Sam Hanna Bell Samuel Beckett John Hewitt Bernard (Barney) Hughes James Joseph Magennis VC Frances Elizabeth Clarke Stewart Parker William Carleton Rosamond Praegar

Sir David Bates (1916 - 1994):
Mathematician and theoretical physicist


David Robert Bates was born in Omagh, County Tyrone and educated at the Royal Belfast Academical Institution and Queen's University, Belfast, where in 1937 he graduated BSc with first class honours in mathematical and experimental physics, followed by an MSc on atomic recombination in the upper atmosphere. His supervisor was the prominent physicist, Sir Harrie Massey, a former research student of Nobel Laureate Sir Ernest Rutherford. Massie moved to University College, London in 1939, and Bates followed him there to study for a PhD, but the war intervened. Bates (and Massey) went to work at the Admiralty Research Laboratory at Teddington, where their main task was to develop countermeasures to magnetic mines. He later moved to the Mine Design Department where he was chairman of the mechanical engineering research committee. In Peter Wright's controversial book Spycatcher Bates was described as one of the unsung heroes of the war.

After the war, Bates was back at UCL as a lecturer, first in applied mathematics and later in physics. Again working with Massey in studies of the ionosphere, Bates developed a new discipline - aeronomy - and invented the new process of dissociative recombination, which came to be recognised as the major electron removal process in all low-temperature plasmas. This process he based on what a Harvard University Professor of Astronomy called "a brilliant insight made after long consideration". During his years at UCL, Bates also had spells at Pasadena, at Princeton (where he published a noted paper on dissociative recombination in 1950), and was Consultant at the US Naval Ordnance Station, Injokern, California, 1951. Also in 1951 he was awarded a DSc, was promoted Reader at UCL, and returned to Queen's University, Belfast as Professor and Head of Department of Applied Mathematics, which he remained for the rest of his career. He developed what was on his appointment a small department into an internationally-renowned school of theoretical atomic and molecular physics, he himself becoming a dominant figure in the field. His many distinguished graduate students and post-doctoral fellows all made their mark; many came to occupy senior positions in Universities in North America and Europe. For example, one became science adviser to President Clinton, while another remained at Queen's University and became Professor of Computer Science, in a department which Bates persuaded the University to create; this was supported by the Office of Scientific research of the US Air Force, who were most interested in Bates' work.

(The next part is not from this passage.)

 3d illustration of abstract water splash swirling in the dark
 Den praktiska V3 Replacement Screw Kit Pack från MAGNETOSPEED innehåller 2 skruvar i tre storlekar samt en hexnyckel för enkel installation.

This work was extremely wide-ranging, His basic work in theoretical atomic physics was stimulated by his intense interest in the application of these theoretical rates to the understanding of, for example, the earth's upper atmosphere, stellar atmospheres and the interstellar medium and laboratory plasmas. His early work on the chemistry of the upper atmosphere formed the foundation for the modern international studies of the depletion of the ozone layer and the effects of carbon dioxide on global warming. His work was also put to great practical use in the modelling and understanding of large fusion plasmas such as JET (the Joint European Torus) which were developed to produce a cheap source of energy.

Bates became Professor of Theoretical Physics 1968-74, Research Professor 1976-82 (Emeritus) at Queen's University and was Visiting Scholar in Atmospheric Sciences, Harvard University 1982-83. During his long and distinguished career, in which he published a total of 337 articles in the most distinguished journals and publications, Bates was awarded many honours: he was a Vice-President of the Royal Irish Academy, a Fellow of the Royal Society and in 1978 he was knighted for his services to science. Always concerned as well with the more down-to-earth, Bates had distinct socialist views and was a founder member and sometime Vice-President of the Alliance Party of Northern Ireland.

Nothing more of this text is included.